Mata di Bursa – Lanskap bisnis di awal milenium ini mengalami banyak perubahan. Seiring dengan perkembangan teknologi terutama teknologi komputer semakin mengakselerasi perkembangan bisnis masing-masing sektor. Salah satu contohnya adalah sektor perbankan. Mulai dari teknologi Auto Teller Machine (ATM) hingga transaksi yang dilakukan melalui gadget.
Untuk masa sekarang, teknologi ATM justru sudah obsolet (usang). Masa kejayaannya sudah lewat satu dekade yang lalu meskipun masih banyak digunakan. Sekarang banyak bank yang justru menantang dirinya sendiri untuk menggeser keberadaan kantor cabang atau bahkan ATM dengan pos-pos banking yang portabel. Yang fiturnya tidak hanya transaksi transfer saja, melainkan bisa buka rekening juga, tanpa harus tatap muka dengan Customer Service (CS) di kantor cabang. Ada 2 bank yang sekarang sudah terlihat saling berlomba, ialah BRI dan BCA.
Dulu sekali, keunggulan utama dari BRI adalah luasnya jaringannya – maksudnya jumlah kantor cabangnya. Ada lebih dari 10.000 cabang BRI di seluruh Indonesia, belum termasuk yang di luar negeri. Karena setiap Kecamatan di Indonesia sudah ada cabang BRI. Dan itu dulu pernah sangat dibangga-banggakan oleh BRI dan pemerintah. Tetapi di dunia ini memang selalu ada paradoks. Di mana ada keunggulan yang menonjol, justru di situlah menjadi beban dan kelemahan.
Dengan jumlah kantor cabang yang sedemikian gemuknya, tentu semakin banyak biaya yang harus dikeluarkan oleh menejemen. Ambil satu contoh pos pengeluaran saja, gaji karyawan misalnya, tinggi sekali pastinya.
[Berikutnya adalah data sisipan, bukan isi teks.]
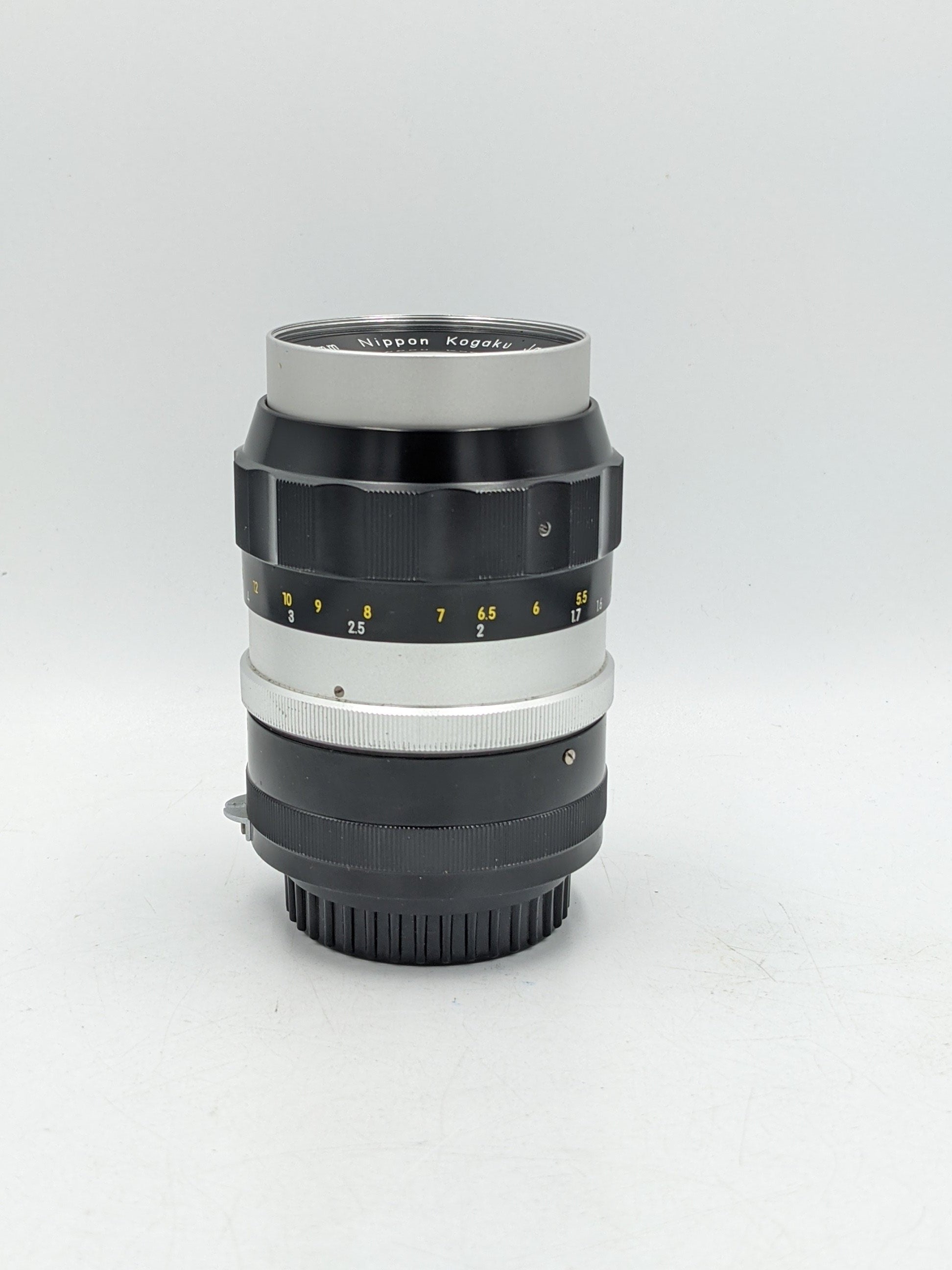 USED Nikon 135mm F3.5 MF Film Lens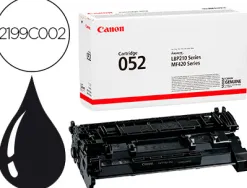 Toner canon 052 i-sensys lbp2 12/lbp214/lbp215/mf421/mf426/mf429 noir 3100 pag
Maka dengan perkembangan teknologi, menejemen mulai menyesuaikan diri dengan menerbitkan layanan Brilink sejak tahun 2014.
“Layanan BRILink ini, merupakan sebuah inovasi dalam dunia keuangan khususnya perbankan untuk mempermudah akses kepada masyarakat yang belum memiliki layanan perbankan,” tutur Budi Satria, Corporate Secretary BRI dalam siaran pers, Jumat (12/12/2014).
Hingga tahun buku 2017, total agen Brilink sudah mencapai 279.750 lalu meningkat di tahun 2018 menjadi 401.550. Dan catatan sampai tahun 2019 sudah tembus sampai total 422.160. Dengan jumlah transaksi sampai lebih dari 521 juta transaksi. Angka-angka tersebut pasti sulit tercapai seandainya BRI hanya mengandalkan kantor cabang yang justru jumlahnya menyusut menjadi 9.618 cabang di tahun 2019.
Kabar lain juga dicatatkan oleh BCA. Pada dasarnya, BCA adalah salah satu pionir digitalisasi perbankan di Indonesia sejak meluncurkan klikBCA di awal dekade 2000. Tetapi BCA juga menyiapkan inovasi baru yang langkahnya berbeda dengan bank yang lain. Yaitu melakukan akuisisi PT Bank Royal Indonesia di April 2019 dan mengkonversi menjadi bank digital BCA. Uniknya adalah bank digital ini merupakan entitas mandiri tetapi terintegrasi dengan BCA.
Tetapi pemisahan entitas seperti ini memang bisa dimaklumi karena bidikan segmen pasarnya juga berbeda. Entitas BCA lebih fokus ke kredit korporat, sedangkan bank digital BCA lebih ke ritel. Tampaknya BCA memang sangat jeli mengamati bahwa sekarang ada banyak sekali calon nasabah berusia muda yang lebih erat dengan dunia digital. Adapun layanan yang ditawarkan adalah basic banking seperti yang dikatakan oleh Vera Eve Lim, Direktur BCA, “Juni setidaknya layanan basic banking sudah siap, kasih kredit, setor dana, transfer dana, pemindahbukuan, top up, investasi tapi semua prosesnya secara digital. Dan kalau mau tarik tunai nanti bisa pakai ATM BCA”.